Checklist – First Steps
According to Trends in College Pricing and Student Aid 2021 published by the College Board, the nationwide average for in-state public tuition plus room and board per year is $22,690, and for private school is $51,690. The total price of a college education depends on how long a student is enrolled before completing a degree—frequently more than four years for a bachelor’s degree.
- Determine your intentions about paying for college by asking yourself these questions:
- Will your student fund all costs through work and student loans?
- Will you pay for some or all of their education?
- Will your contribution be limited to a fixed dollar amount or a percentage of the total expense?
- Calculate your monthly savings goal by using our college savings calculator.
- Consider the many options available for saving for college, such as a 529 Plan, Coverdell Education Savings Plan (ESA), Roth IRA or a Uniform Transfer to Minors Plan (UTMA).
Tip: Encourage family (such as grandparents, aunts and uncles) and friends to contribute to your child's savings account or college savings instead of buying other gifts.
Checklist – Later Years
- Evaluate the income opportunities for the careers your student wishes to explore. Will the chosen career generate more income than the cost of the education? Understand the return on your investment before your student explores their future area of study.
- Consider tuition costs; in-state versus out-of-state, private versus public, etc. All of these will impact future career options, but often equally important the amount of student loan debt upon graduation.
Tip: The sooner you discuss everyone’s role in financing a college education, the better. Remember, you can take out a loan to fund college, but you cannot take out a loan to fund your retirement.
- Help your student identify the top 5-10 schools by researching:
- Student-to-faculty ratio
- Nationwide course study ranking
- Sports, clubs, and organizations
- Study abroad programs
- The total cost of materials and services, including tuition, room, board, books, fees, meal plan, laundry facilities, parking pass and transportation home
- Determine deal breakers and nice-to-have benefits before visiting and applying to colleges. Application fees and the cost to travel to multiple colleges can become expensive quickly. Narrow down your top choices before hitting the road.

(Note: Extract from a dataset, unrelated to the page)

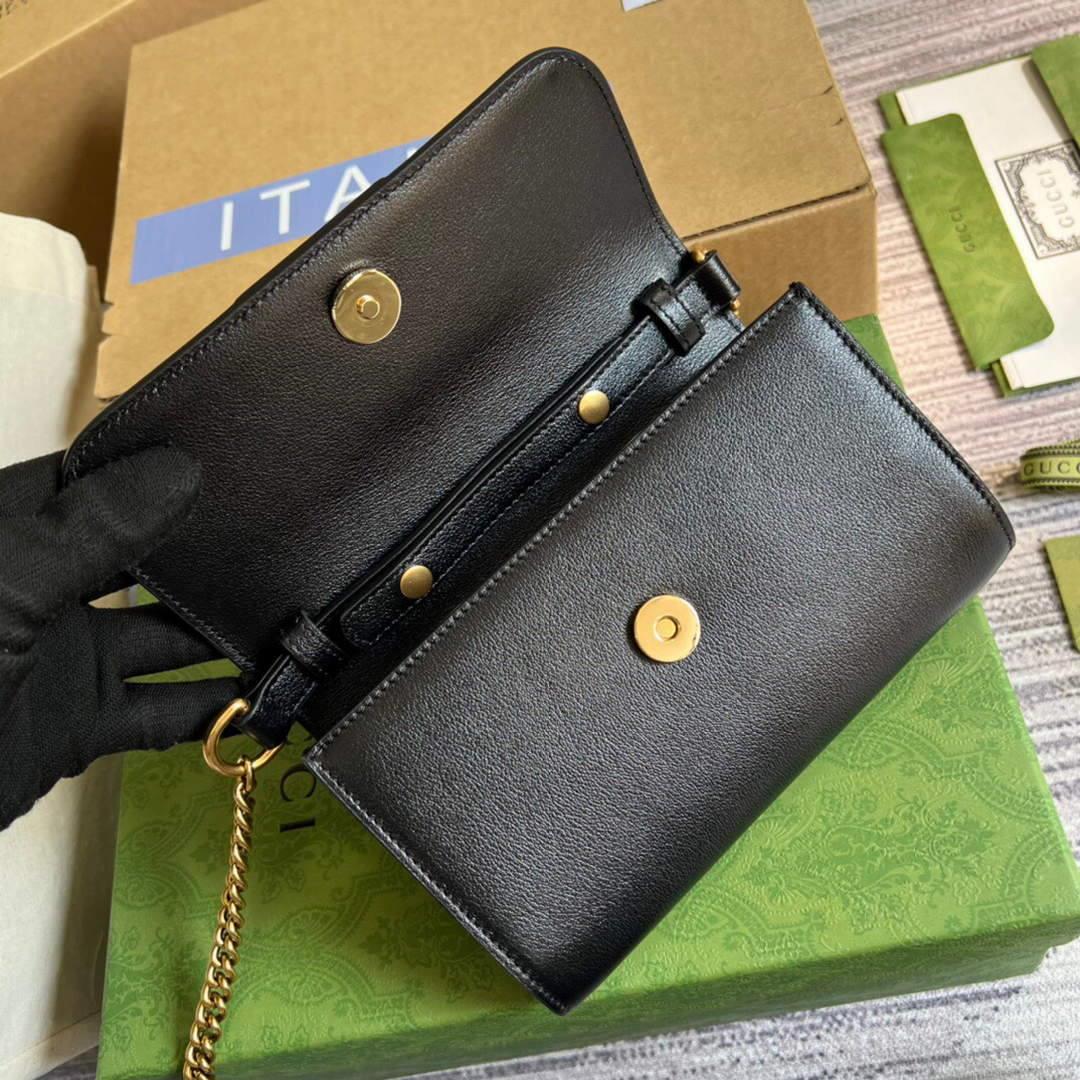 Gucci 675794 GG Small Top Handle Bag With Bamboo Black
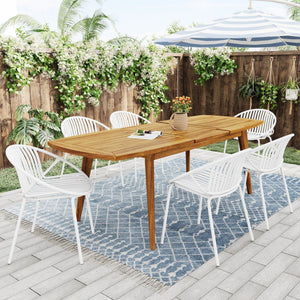 Modern Outdoor 7 Piece Expandable Dining Set with Stackable Chairs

Checklist – Managing College Financing
- Be prepared. Gather the following documentation before you get started:
- Federal Student Aid ID – You can locate this by visiting the page on how to create a new FSA ID.
- Parents’ and student Social Security number (SSN)
- Parents’ and student driver’s licenses
- Prior year tax return, including W-2s for each employer
- Records of assets like bank and investment statements, real estate value (including investment real estate or second homes), etc.
- Reach out to the schools under consideration for a list of scholarships and their application deadlines. As a member of Delta Community Credit Union, students may apply for our scholarship programs.
- Complete the Free Application for Federal Student Aid (FAFSA) to determine eligibility for programs such as grants, loans, or work-study offered through the federal government. This action will be required once per school year.
Tip: The federal government’s financial aid formula excludes the following asset types from determining a student’s financial need:
- Retirement assets, including IRAs, 401(k)s, 403(b)s
- Home equity in a primary residence
- Cash value of life insurance
- Set up a meeting with the school’s financial aid office to discuss funding that is and is not paid back. Be sure to understand when payments begin, who is assuming financial responsibility for subsidized or unsubsidized loans, and the interest rate that will be charged now or in the future.
- The student should establish a monthly budget for their spending in college.
- Set up a Checking Account so that the student can easily deposit money should they have an emergency, or to manage month to month expenses.